La terza sembra facile, ma è piuttosto sottile e va capita bene. Si possono forse distinguere i fatti dallo storytelling — cioè il modo in cui li si presenta e rappresenta — ma è da stupidi credere che da una parte ci sia la verità e dall’altra lo storytelling. Quel che abbiamo capito è che tutto ciò che è reale — potremmo dire vero — è composto di fatti e narrazione, che sono inscindibili, non esistono praticamente gli uni senza l’altra. Per questo, da un po’, la verità ci sembra scivolare nelle mani di quelli che la sanno raccontare, non di quelli che la sanno e basta.

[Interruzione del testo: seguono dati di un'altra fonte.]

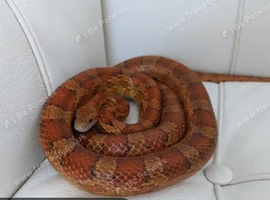 2x corn snakes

La quarta è l’ultima arrivata, regalino della rivoluzione digitale. Bene o male siamo stati abituati per secoli al fatto che una certa élite decidesse cos’era vero. Può piacere o meno, ma se non altro è una situazione piuttosto chiara, stabile, leggibile. La rivoluzione digitale (una cosa che non ha più di vent’anni) ha mescolato un po’ i ruoli, e ora di fatto una vera separazione tra chi dà le carte e chi le prende sta venendo a mancare. Tutti hanno il loro mazzo e giocano. Risultato: una sovrapproduzione di verità, quindi un’impennata dell’offerta, forse un calo della richiesta, sicuramente un crollo del valore. Per questo, da un po’, la verità sembra valere meno, una merce svalutata.
Se provate a immaginare questi quattro movimenti rotolare uno nell’altro, mettersi in azione contemporaneamente, capite che tutto si è fatto dannatamente difficile. Naturalmente la relazione con la verità non è mai stata una passeggiata, ma è indubbio che da un po’ siamo finiti comunque fuori dalla comfort zone in cui ci eravamo rifugiati, e ci tocca pattinare su un terreno molto scivoloso, fragile e soprattutto sconosciuto. Il fatto importante — da capire assolutamente — è che a patire sono soprattutto le élite, cioè quei gruppi di umani che per mestiere, ceto e vocazione hanno controllato per secoli il monopolio della verità. Paradossalmente, il nuovo statuto della verità rende piuttosto inessenziale quella skill particolare che era conoscere la verità: ignorarla almeno in parte sembra produrre risultati migliori. Sicuramente non è questa un’epoca per specialisti, per eruditi, per gente che sa. Non pensate a Pico de Paperis, pensate anche solo ai giornalisti. In teoria sarebbero quelli più prossimi alla verità, se si parla di notizie: ma da un po’ succede che quello che poi si sedimenta come notizia non viene da loro, o non viene sempre da loro, o non viene da loro quando è importante. Passando da Facebook o da Twitter, milioni di umani che non hanno mai fatto un corso di giornalismo ( e, incredibile, non sono nemmeno figli di giornalisti) fanno informazione, senza che sia il loro mestiere farlo, senza saperlo fare: ma la fanno, e questa circostanza produce notizie, e genera verità. Facendo una media, sono verità più false di quelle che per un secolo il giornalismo professionale ha prodotto quotidianamente? Difficile dirlo. Ma il solo fatto che sia difficile dirlo è una campana a morte per il giornalismo, per i competenti, per quelli che hanno studiato, per le élite del sapere. È effettivamente la fine di un’epoca.
Così, a un certo punto, proprio le élite hanno coniato l’espressione post-verità. Stavano cercando di dire che qualcosa era cambiato, e che il tavolo da gioco non era più quello di una volta, e che loro questa partita non erano mica tanto sicuri di saperla giocare: nel frattempo la stavano perdendo. Di per sé l’istinto era giusto: nominare i cambiamenti. Solo che se scegli come nome post- verità stai già scivolando nell’alibi: non stai riconoscendo che la verità ha assunto un nuovo statuto che non controlli più tanto bene, stai dicendo che la verità è morta nell’istante in cui tu non sei più stato in grado di controllarla: che presunzione, che cecità, che malafede, che menzogna, che bufala, che post-verità.